Damon Hill stopped playing silly buggers and finally made up his mind to stay with Jordan until the end of the season. Cannot help feeling that his cigarette sponsors might have had something to do with it.Shame in a way. Silverstone, with a fine fifth place would have been a nice swan song, now if things don't work out in Austria and Germany it will be sulks all over again.Mind you, Hungary is his favourite track coming up on August 15 and it would be fun to see him win at the track where he clinched his first ever victory in 1993. His team mate Heinz Harald Frentzen is flying like never before, after two miserable years at Williams he is happy as a sandboy at Jordan.

As for the rest..well, Schumacher's younger brother Ralf is really beginning to fly which could not have been too easy for him after seeing his big brother crash into the tyre-wall. He did run into the medical unit quickly to see Michael before getting back into his car for the second start.

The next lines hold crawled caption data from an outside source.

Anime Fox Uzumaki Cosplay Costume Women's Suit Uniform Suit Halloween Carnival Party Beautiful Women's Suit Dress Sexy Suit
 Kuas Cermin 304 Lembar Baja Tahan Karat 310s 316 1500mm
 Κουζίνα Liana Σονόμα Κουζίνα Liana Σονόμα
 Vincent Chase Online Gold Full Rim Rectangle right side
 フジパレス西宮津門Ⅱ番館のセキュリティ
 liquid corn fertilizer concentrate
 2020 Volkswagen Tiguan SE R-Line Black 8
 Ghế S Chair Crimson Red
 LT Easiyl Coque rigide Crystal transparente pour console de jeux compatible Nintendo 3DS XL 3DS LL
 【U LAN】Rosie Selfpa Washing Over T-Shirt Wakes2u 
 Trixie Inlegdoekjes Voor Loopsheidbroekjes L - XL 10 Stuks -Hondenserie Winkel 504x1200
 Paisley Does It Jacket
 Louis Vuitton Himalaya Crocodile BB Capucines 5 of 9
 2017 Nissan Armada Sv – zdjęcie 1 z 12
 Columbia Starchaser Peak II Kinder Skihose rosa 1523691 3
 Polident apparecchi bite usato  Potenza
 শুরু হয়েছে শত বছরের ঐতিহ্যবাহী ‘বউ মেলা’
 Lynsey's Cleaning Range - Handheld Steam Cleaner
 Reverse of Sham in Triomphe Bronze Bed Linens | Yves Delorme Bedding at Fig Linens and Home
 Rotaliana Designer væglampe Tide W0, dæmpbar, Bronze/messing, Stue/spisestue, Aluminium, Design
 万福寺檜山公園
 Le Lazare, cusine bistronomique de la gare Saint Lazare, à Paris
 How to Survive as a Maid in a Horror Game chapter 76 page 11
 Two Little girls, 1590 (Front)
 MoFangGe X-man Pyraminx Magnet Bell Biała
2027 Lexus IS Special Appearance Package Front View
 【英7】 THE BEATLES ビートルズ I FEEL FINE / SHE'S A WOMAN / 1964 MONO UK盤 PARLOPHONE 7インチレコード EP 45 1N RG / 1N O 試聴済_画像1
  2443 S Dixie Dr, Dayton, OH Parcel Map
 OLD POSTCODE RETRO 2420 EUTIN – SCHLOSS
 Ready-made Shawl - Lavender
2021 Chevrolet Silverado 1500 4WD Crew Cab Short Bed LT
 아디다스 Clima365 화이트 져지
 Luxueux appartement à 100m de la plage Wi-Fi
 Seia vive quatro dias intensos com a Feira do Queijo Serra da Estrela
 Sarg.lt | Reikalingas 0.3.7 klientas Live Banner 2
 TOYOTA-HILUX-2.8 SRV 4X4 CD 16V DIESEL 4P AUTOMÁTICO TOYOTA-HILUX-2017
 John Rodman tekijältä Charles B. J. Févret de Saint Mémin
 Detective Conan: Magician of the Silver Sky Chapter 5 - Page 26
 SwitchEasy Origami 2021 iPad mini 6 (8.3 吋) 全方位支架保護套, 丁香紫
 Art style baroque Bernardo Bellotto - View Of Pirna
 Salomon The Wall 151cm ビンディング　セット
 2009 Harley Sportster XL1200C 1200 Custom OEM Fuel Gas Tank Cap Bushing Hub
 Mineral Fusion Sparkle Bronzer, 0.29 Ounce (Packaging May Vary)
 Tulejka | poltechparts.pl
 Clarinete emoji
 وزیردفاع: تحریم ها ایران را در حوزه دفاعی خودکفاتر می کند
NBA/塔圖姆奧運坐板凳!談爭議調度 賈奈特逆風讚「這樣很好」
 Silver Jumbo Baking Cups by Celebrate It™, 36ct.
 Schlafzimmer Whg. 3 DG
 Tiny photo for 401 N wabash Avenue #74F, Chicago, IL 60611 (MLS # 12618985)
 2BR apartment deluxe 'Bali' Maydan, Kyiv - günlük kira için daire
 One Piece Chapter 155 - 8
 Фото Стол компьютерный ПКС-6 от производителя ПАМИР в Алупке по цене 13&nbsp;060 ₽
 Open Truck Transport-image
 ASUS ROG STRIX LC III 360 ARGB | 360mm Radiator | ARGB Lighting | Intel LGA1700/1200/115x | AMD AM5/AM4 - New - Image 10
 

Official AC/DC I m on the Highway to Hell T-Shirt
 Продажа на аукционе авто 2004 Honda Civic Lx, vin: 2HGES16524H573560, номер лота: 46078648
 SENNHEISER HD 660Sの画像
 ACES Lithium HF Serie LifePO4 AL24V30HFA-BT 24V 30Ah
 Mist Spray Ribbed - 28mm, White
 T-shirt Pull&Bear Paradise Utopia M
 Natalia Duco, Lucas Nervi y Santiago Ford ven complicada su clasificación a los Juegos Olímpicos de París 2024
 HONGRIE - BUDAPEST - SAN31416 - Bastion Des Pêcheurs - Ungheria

What a shame motor racing cannot be a bit more like golf. At Silverstone the Minardis had as much chance of winning the Grand Prix as I had sitting in the press room.Yet, a week later a qualifier, an unheralded 30 year old professional from Aberdeen ,Scotland cliched one of the game's greatest trophies-that of the British Open. 158th in the World, an 80-1 outsider on Sunday morning he ended the day half a million dollars and a lot of glory richer.True, had it not been for the idiotic antics of an adorable Jean Van de Velde from France on the final hole the trophy would have travelled to that great country of wine and cheese for the first time in 92 years! But, coming back to motor racing it is as though Minardi are first and Arrows are second.What chance? No chance! Pity.

On the business front it was very interesting to hear DaimlerChrysler's purchase of some equity in TAG-McLaren. Ron Dennis and his partner Mansour Ojjeh are getting lots of money but at the same time massive backing as well from one of the World's foremost automotive companies.All credit to Ron who in the 60s was one of Jack Brabham'sw mechanics.

BMW are also getting more and more involved with Williams which is understandable, especially as Sir Frank is losing his cigarett sponsor for 2000.

Ford supremo Jac Nasser seems intent on turning the recently purchased Stewart Grand Prix team into Team Jaguar, something his new ex-BMW man Herr Reitzle seems very keen on.Wolfgang R. is head of the Premier Group which must be fun for someone who did not get the top job at BMW and now, a few weeks later has Jaguar, Volvo, Lincoln-Mercury and Aston Martin under his command. Talk about an early Christmas..

Fiat are celebrating 100 years in the automotive business this week, as to the next 100, I cannot help thinking that they may not stay fully independent that much longer.

So, as you can see there is an awful lot going on and I did not even have a chance to mention recent crash tests in which various Chrysler products did rather badly.Luckily they will have some Mercedes safety experts to call upon which has to be a good thing because the Detroit giant does make exciting products, making them safer should not be that difficult. Which does goes to show that sometimes mergers can be a good thing.